### Data to process
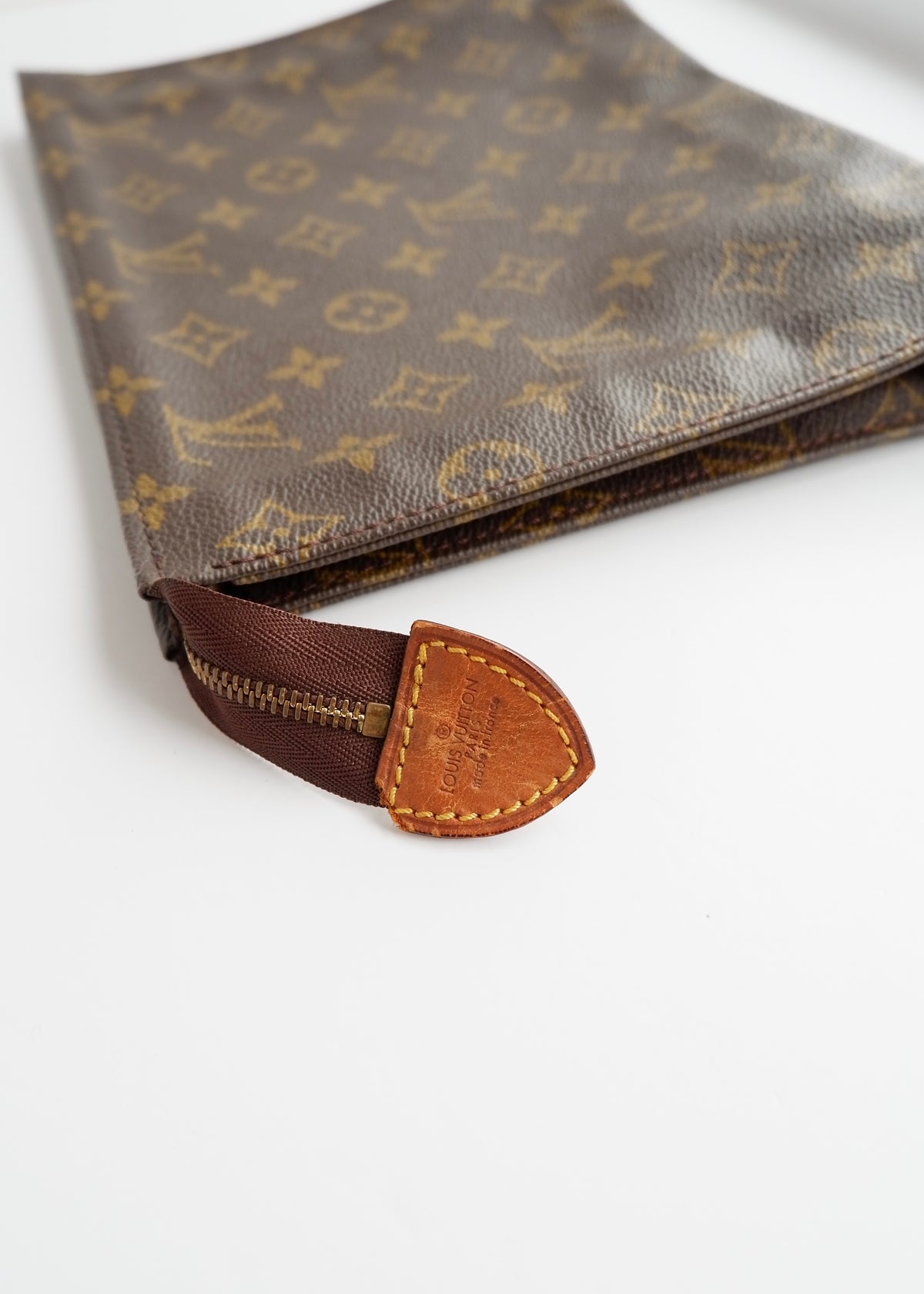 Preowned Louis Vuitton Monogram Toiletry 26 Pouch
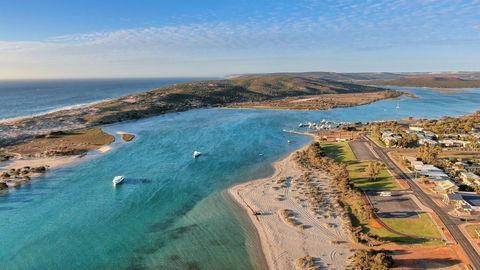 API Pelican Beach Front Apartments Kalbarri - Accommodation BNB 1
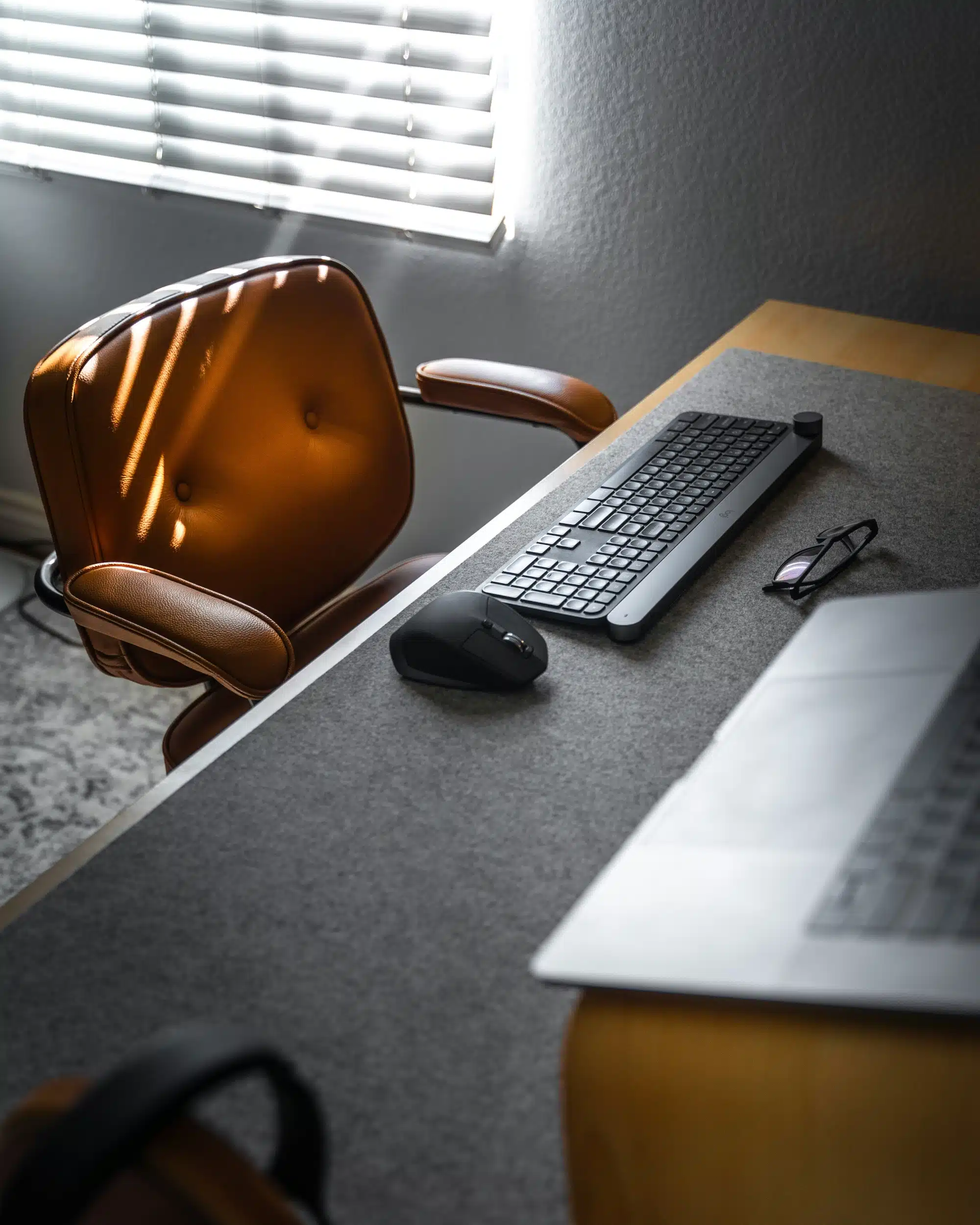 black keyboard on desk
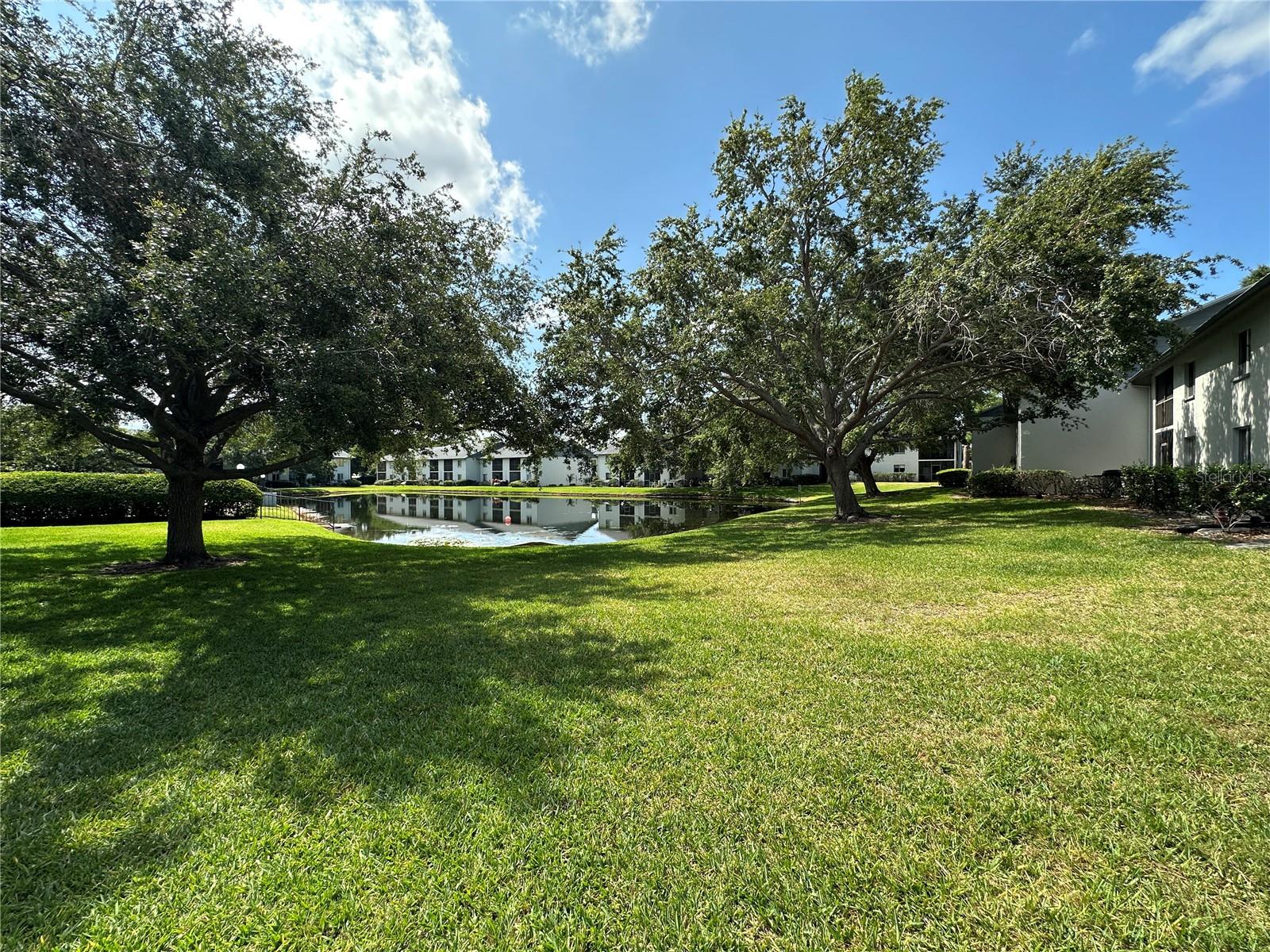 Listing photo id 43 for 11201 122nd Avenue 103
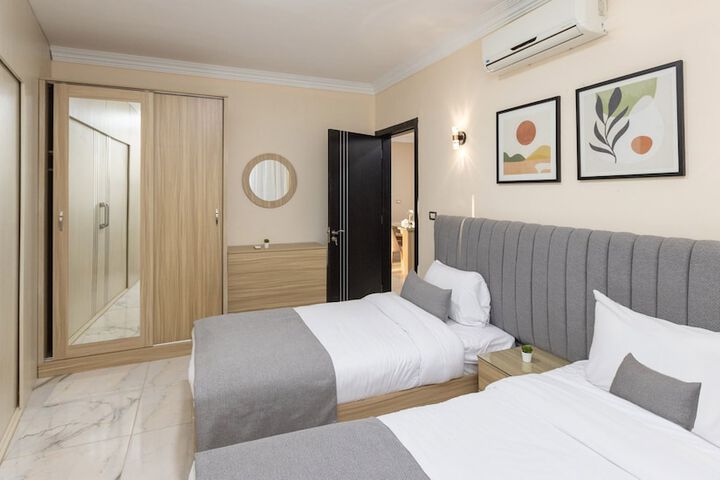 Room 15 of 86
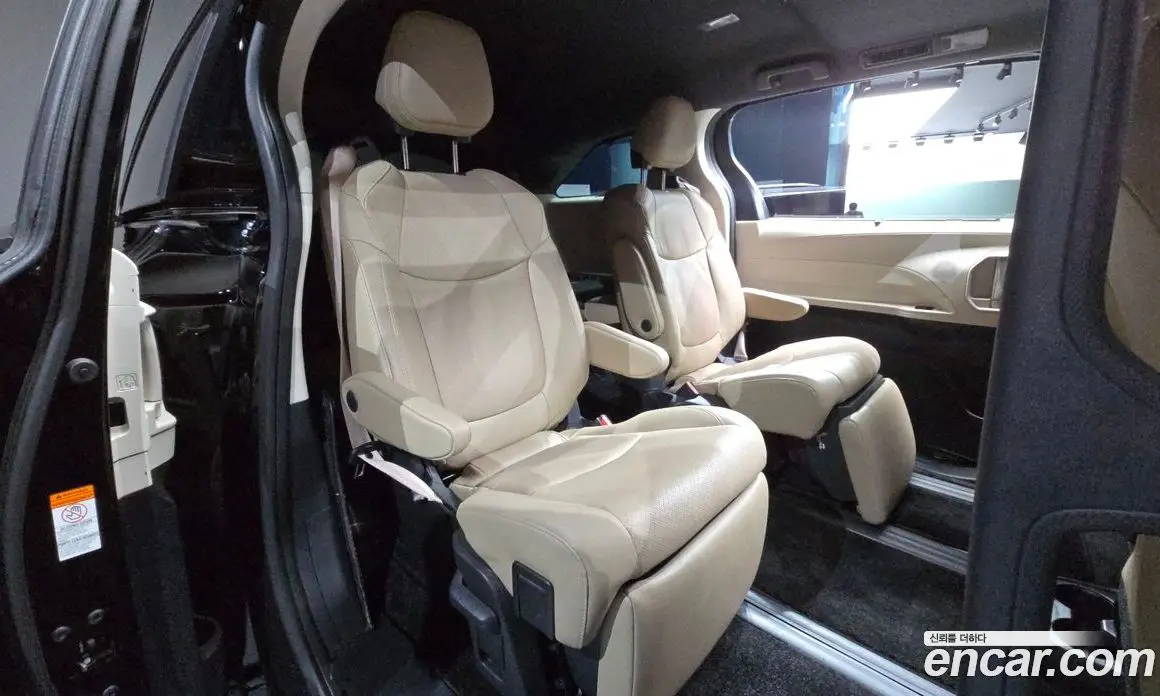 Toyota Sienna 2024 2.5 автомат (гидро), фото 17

### Task item
Retype, please, exactly the lines that begin with the one containing "black keyboard on desk" and end at the last line of the entries above, both included, leaving out pictures.

### Solution to this problem
 black keyboard on desk
 Listing photo id 43 for 11201 122nd Avenue 103
 Room 15 of 86
 Toyota Sienna 2024 2.5 автомат (гидро), фото 17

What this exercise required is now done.